Erano passati quattro giorni dall'arrivo di Mariel e Conar a Ellesmera, e ancora di Sebile nessuna notizia.
«Devo sapere come sta mia zia, Eilin, come usate inviare messaggi qui da voi?» chiese.
«Abbiamo i messaggeri. Usare la magia per incantare gli animali è contro ogni legge naturale, e noi elfi preserviamo la natura.»
Mariel storse il naso.
«Un messaggero impiegherebbe troppo tempo, e io non ho altro tempo da perdere.»
«Decisa a partire?»
Mariel annuì.
La porta si spalancò di colpo e dall''uscio apparve Conar. Indossava un'armatura di mithril di manifattura elfica, che lo faceva sembrare più minuto del normale. Nella mano destra stringeva la sua ascia.
«Ma come ti sei conciato?» rise Mariel.
«Che c'è? Mi sta bene, no?» si lamentò il ragazzo. «Quest'affare è sorprendente!» continuò rivolto alla sua nuova armatura, «sembra di non avere nulla a dosso e invece sono duro come l'acciaio. Guarda qua...» Si colpì la coscia con il manico dell'ascia per dar prova alle sue parole; ma fece una smorfia. «Vabbè, se il nemico è forte come me un po' mi farà male...» Alzò le spalle, e le due ragazze scoppiarono a ridere.

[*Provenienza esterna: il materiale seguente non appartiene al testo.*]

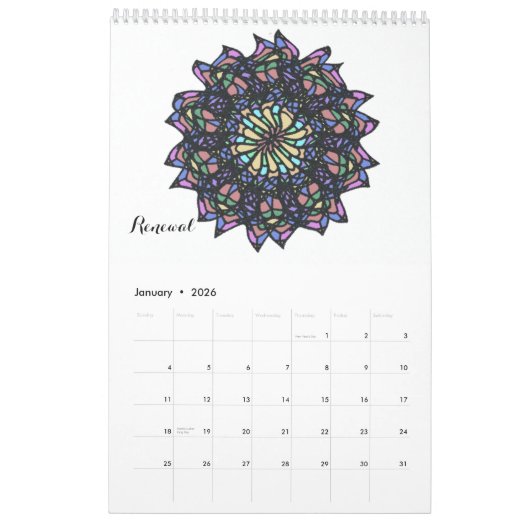 Mandala Kalender (Jan 2026)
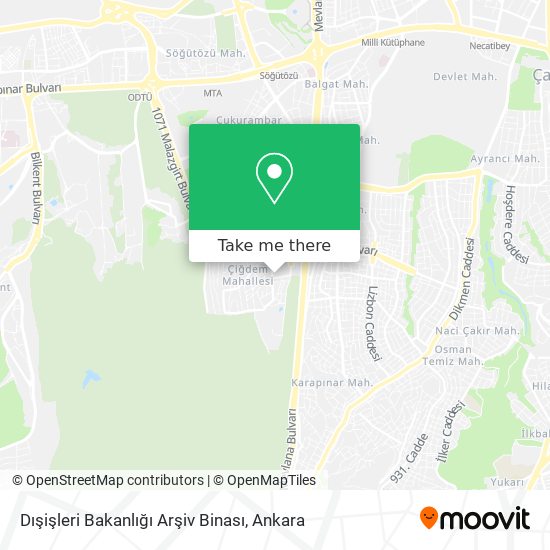 Dışişleri Bakanlığı Arşiv Binası map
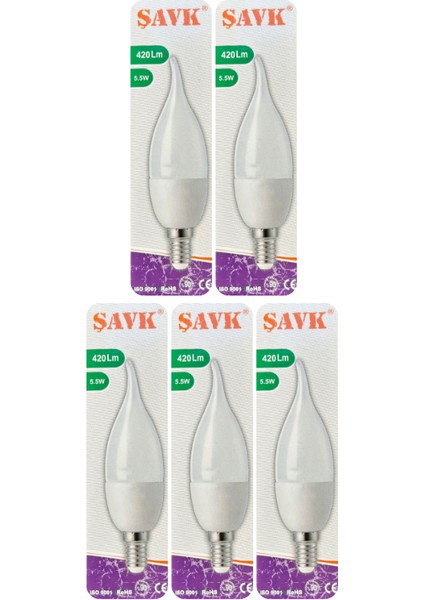 (5 adet) Şavk 5,5W (37W) Beyaz Işık (6500K) E14 DUYLU (Ince Duy) LED Kıvrık Ampul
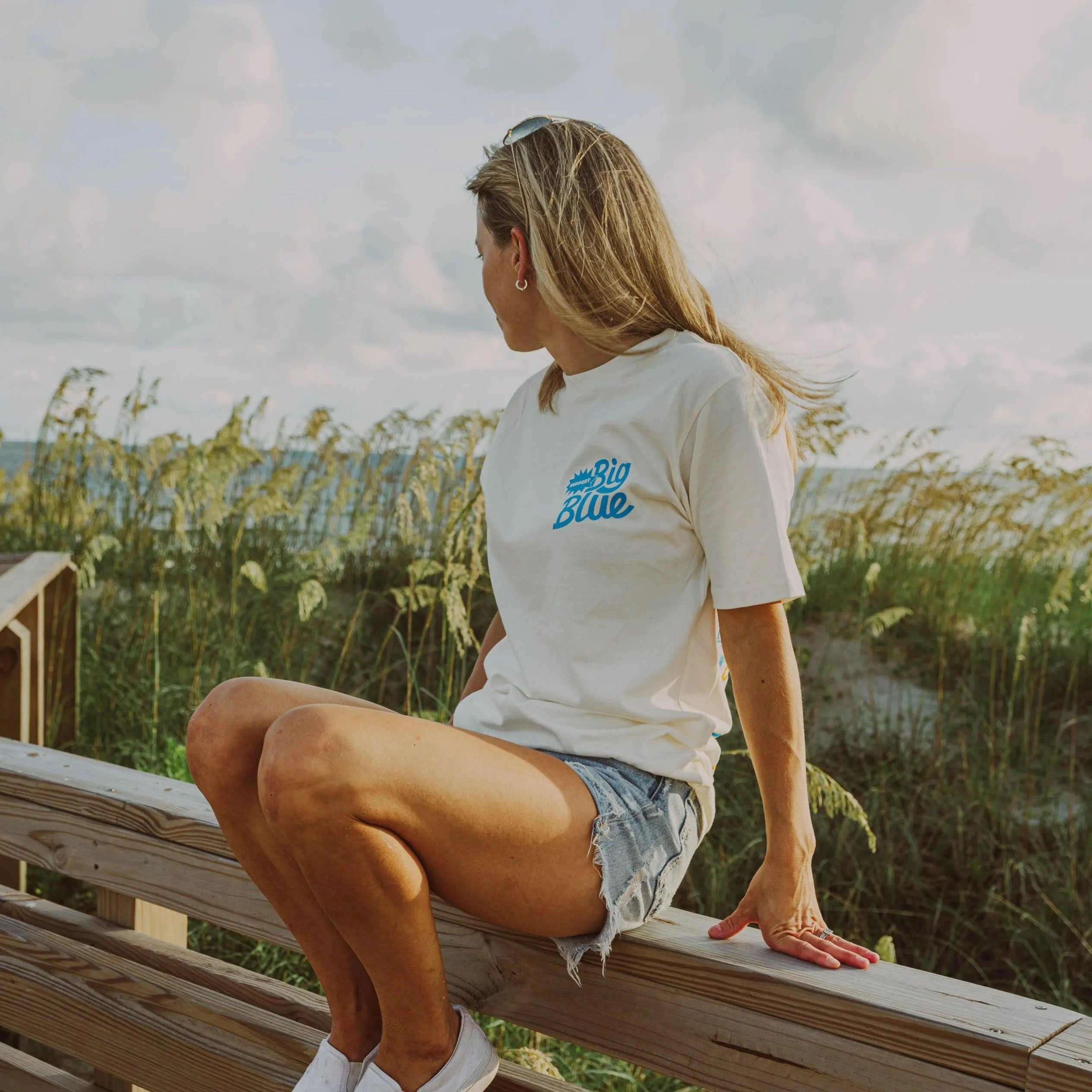 トップス RANDY HANG White Blue Larry Tee - Light Blue | Hang Ten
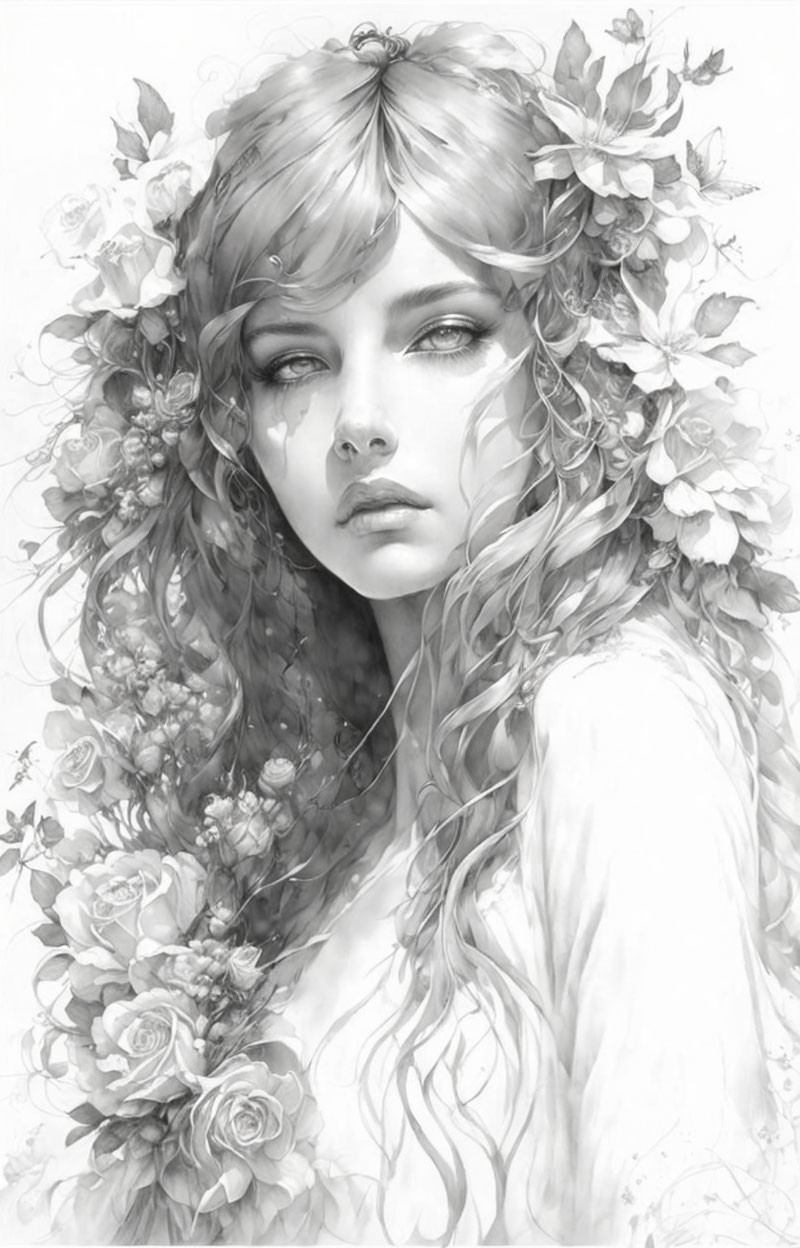 Monochrome illustration of a woman with flowing floral hair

«Allora si riparte!» disse dopo un po' Mariel. Ma non era una domanda, era più un'affermazione per convincersi che il suo viaggio non era ancora terminato. Conar annuì.
«Guarda che ti aspetto» sussurrò Eilin, in un abbraccio affettuoso.
«Tranquilla,» rispose Mariel, «cosa vuoi che mi succeda? E poi, con l'uomo d'acciaio al mio fianco nessuno oserà farmi del male.» Un'ultima risata accompagnò quel tenero addio, e Mariel uscì dalla stanza.
Mentre camminavano per i corridoi, il castello sembrava svegliarsi. Le guardie facevano la loro ronda mattutina, i cuochi iniziavano a preparare il pasto del mattino e i servi si affrettavano a fare le loro faccende. Nonostante l'ora mattutina, l'atmosfera era vivace e piena di energia.
«Mi sembra tutto troppo semplice.» disse a un tratto Conar. Lo sguardo fisso davanti a sé.
«Semplice? Ma sei tutto scemo?» Mariel si batté un dito sulla tempia. «Se tutto va secondo i piani varcherò un confine che nessuno si è mai sognato di varcare, nessuno sano di mente ovviamente. Non conosciamo nemmeno per sentito dire cosa si cela da quelle parti. Chi ha osato sfidare quelle terre è morto...» fece un gesto incomprensibile con le mani, «e a te sembra troppo semplice?»
«Lo faremo assieme questo viaggio.»
«Non sei tu "la discendente del vecchio orrore", Conar.» Snocciolò quelle parole come fossero una maledizione, poi continuò: «non ha senso rischiare entrambi.»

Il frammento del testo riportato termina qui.